*** Begin section ***

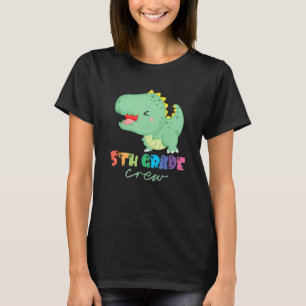 5th Grade Crew Cute Dinosaur First Day Of School B T-Shirt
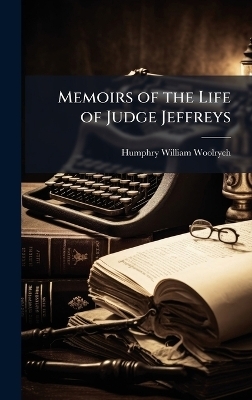 Memoirs of the Life of Judge Jeffreys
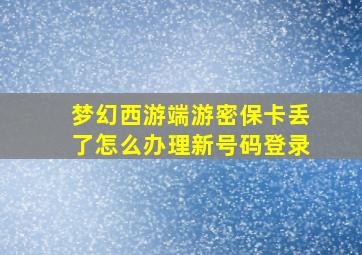 梦幻西游端游密保卡丢了怎么办理新号码登录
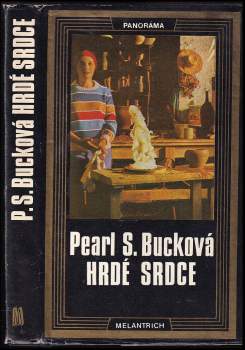 Pearl S Buck: Hrdé srdce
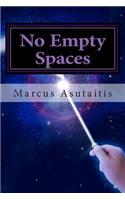 No Empty Spaces: A Look Behind the Curtain(English)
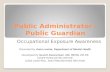 Public Administrator / Public Guardian Occupational Exposure Awareness Presented by Anna Levina, Department of Mental Health Developed by Gevork Kazanchyan,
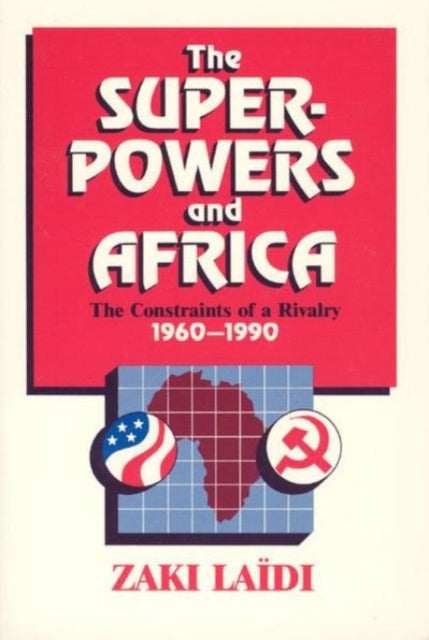 Book cover of: Superpowers and Africa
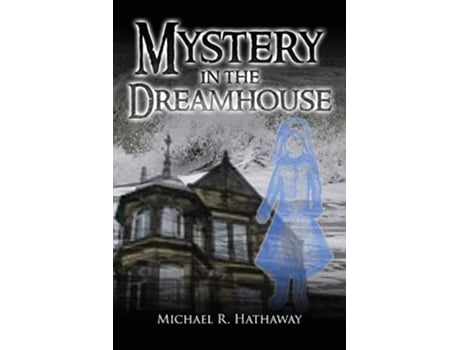 Livro Mystery in the Dreamhouse de Michael R Hathaway (Inglês)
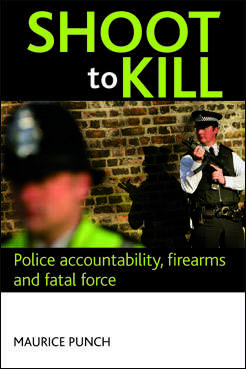 Book cover of Shoot to kill: Police accountability, firearms and fatal force (3)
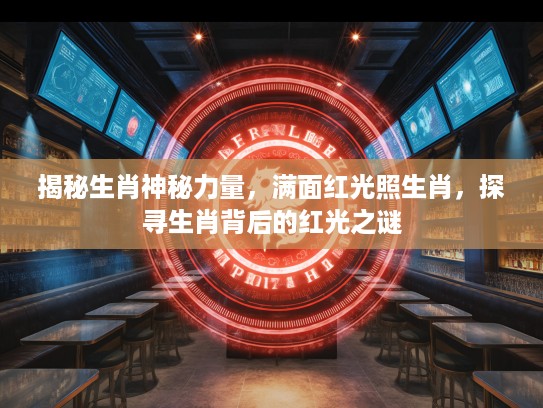 揭秘生肖神秘力量，满面红光照生肖，探寻生肖背后的红光之谜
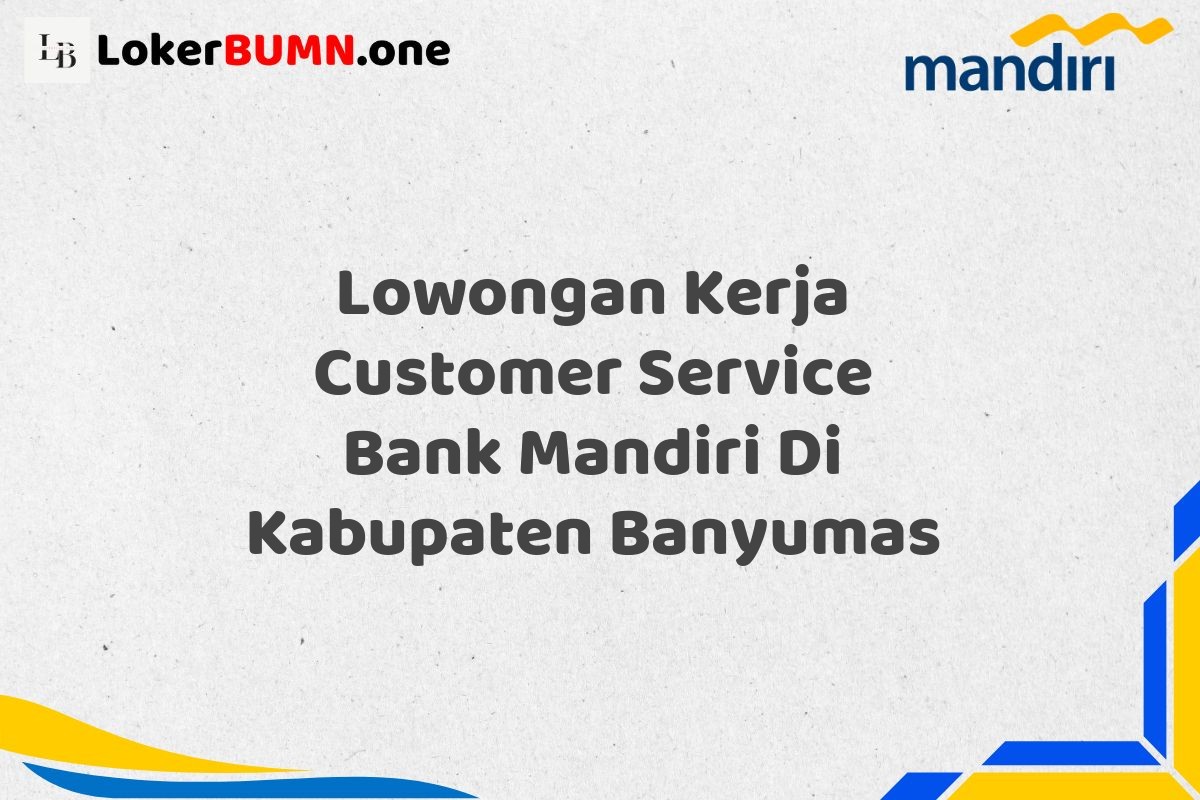 Lowongan Kerja Customer Service Bank Mandiri Di Kabupaten Banyumas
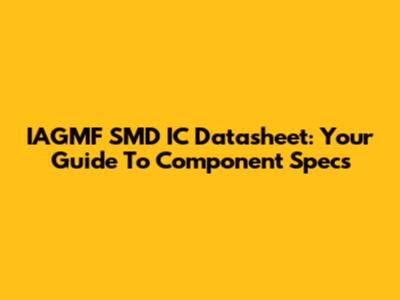 IAGMF SMD IC Datasheet: Your Guide To Component Specs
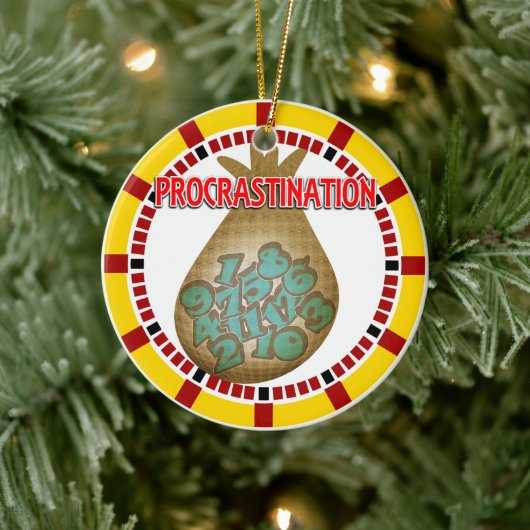 Procrastination is a Thief of Time Keramik Ornament (Baum)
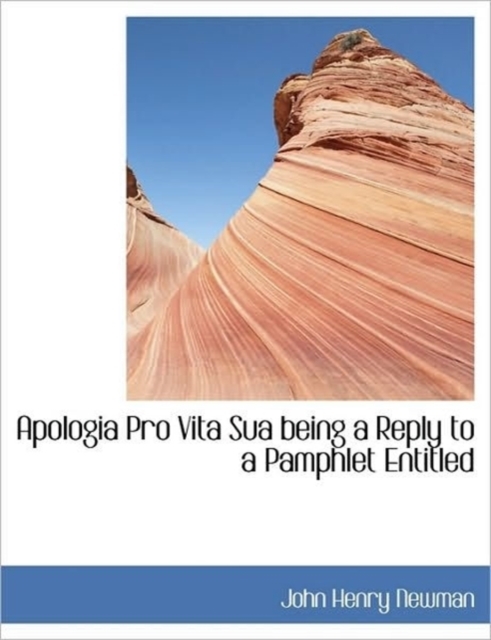 Apologia Pro Vita Sua Being a Reply to a Pamphlet Entitled, Paperback / softback Book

*** End section ***

Exercise objective ▸ What you return should be only the exact lines from the top of the entries through the line with "Public Administrator /", minus the pictures.

Response to the exercise ▸
 5th Grade Crew Cute Dinosaur First Day Of School B T-Shirt
 Memoirs of the Life of Judge Jeffreys
 梦幻西游端游密保卡丢了怎么办理新号码登录
 Pearl S Buck: Hrdé srdce
 No Empty Spaces: A Look Behind the Curtain(English)
 Public Administrator / Public Guardian Occupational Exposure Awareness Presented by Anna Levina, Department of Mental Health Developed by Gevork Kazanchyan,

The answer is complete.